Hanging Around with Mathematics
BLOG: Heidelberg Laureate Forum
Imagine you are hanging a picture on the wall – like this photo of 2006 ACM A.M. Turing Award laureate Frances Allen. You have two nails already hammered into the wall so they are sticking out an inch. Your picture is in a frame, with a piece of string attached at the top two corners, and you can hang it on the wall by hooking the string over the two nails.
If either of the nails was pulled out of the wall, your picture would remain hanging – since the string passes over both nails, removing one nail would leave the string looped around the remaining nail, and the picture would still hang.
But what if we wanted something different to happen? What if we wanted to be able to hang the picture so that as soon as any single nail is removed, it falls off the wall?
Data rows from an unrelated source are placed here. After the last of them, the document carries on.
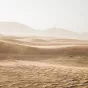 Un carême au désert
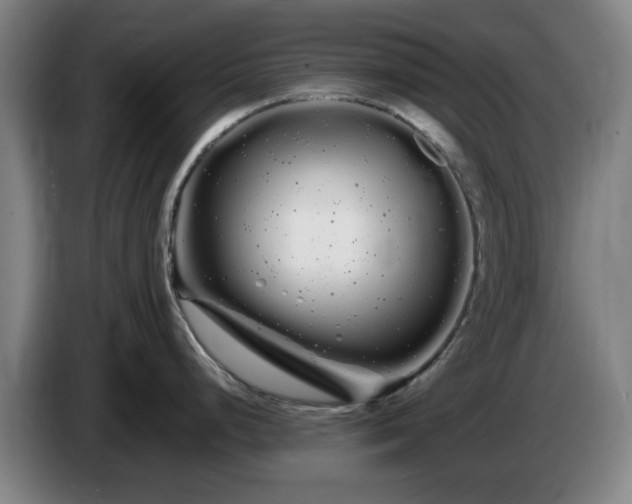 X0000086091248200703301144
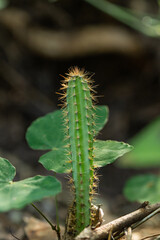 Fototapeta premium Green cactus growing among natural leaves and branches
It sounds impossible, but there is a way to arrange the string that achieves this. I will leave the solution until later in the post, to give you time to think about it. It is not as simple as just placing the string over the top of the two nails, but can be done by winding the string around the nails in a particular pattern (and assumes the string can be as long as you need to achieve this).
Why Am I Hanging Pictures?
This might not feel like a particularly mathematical topic: hanging a picture on the wall seems like a simple enough problem that we do not need to involve mathematics. But of course, as always, there is some more advanced maths hiding in there. The idea of passing a string over a nail, or indeed wrapping it around the nail in a more complicated pattern, can be described mathematically.
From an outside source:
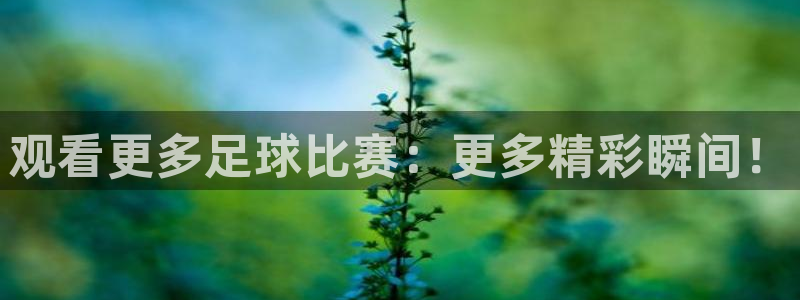 袋鼠直播篮球：观看更多足球比赛：更多精彩瞬间！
Consider the clockwise and anticlockwise turns the string makes as you go along its length. For example, the standard put-the-string-across-the-top-of-both-nails approach means going clockwise over the first nail, then clockwise over the second.
We could denote the two nails \(A\) and \(B\), and denote a clockwise turn by writing the letter for that nail – so the standard hang would just be \(A\cdot B\). If we wrapped the string twice clockwise around one nail before going over the other, we could write this as \(A\cdot A\cdot B\).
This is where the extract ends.